When we reach a number like 201 in the sequence above, after which we are going to skip a power, the number of subsequent upwards steps without skipping a power is partly defined by how many powers we skip this time. This sounds woolly, so let me give a couple of examples.

201+1+2+4+16+32 = 256

We know at this stage that we will skip 8 (because the next number will be 201 + 208 + 208 – this means we are adding 0 mod 16, and will land on another number that is 9 mod 16, meaning that adding 1, 2, 4 will take us to a multiple of 16).

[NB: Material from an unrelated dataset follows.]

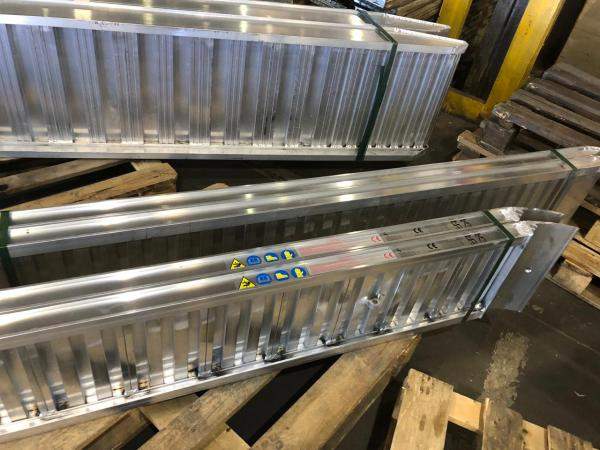 Алюминиевые лаги от производителя 2,5 метра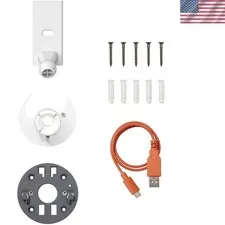 Spare Parts Kit for Spotlight Cam Pro Battery & Spotlight Cam Plus Battery, W...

Also, we don’t skip the subsequent power, 32. This means we won’t have an upward step without skipping next time, which is correct – 617 + 1+2 +4+16+128+256 = 1024 – we are now going to skip 32 and 64.

Let’s look at a different sequence:

55
165+1
497+1+2
1497+1+2+4
4505+1+2+4+32

The turning point (where you skip a power) comes after 1497

The continued equation here would be 1497+1+2+4+32+512.
1497 = 8n+1 and 16n+1 and we are going to add 0 mod 8, 8 mod 16 to get to the next number, 4505. So we have to skip 8. We actually skip 16 too (I’ll explain the logic of this later ) so the next number we add will be 32. Thereafter, 1497 is 64n-39, 128n-39, 256n-39, 512n-39, so we will subsequently have upwards steps of 64, 128, 256, before skipping a power.

So to get to an upwards sequence of 3 steps without skipping, we need to hit a number that skips 3 numbers.This means we can't hit a sequence of n steps where n is more than the difference between the maximum number of steps in the region and the minimum number of steps we are obliged to take.

Putting this stuff together we get 1) for all numbers we will eventually reach a region where we are obliged to take about 1.25 x the average number of steps in that region at every stage. 2) In order to get uninterrupted upwards runs of numbers (eg not skipping a power) in the next step, we need to skip that many powers this step. 3) Whenever we hit the latter stages of a region there will be some powers that we are forced to skip. For instance, from 1897, it is impossible for us to add 256 or 512 as part of the path to 2048. This makes it hard to see how we could avoid reaching a power of 2, but falls short of being a proof unless it can be refined some more.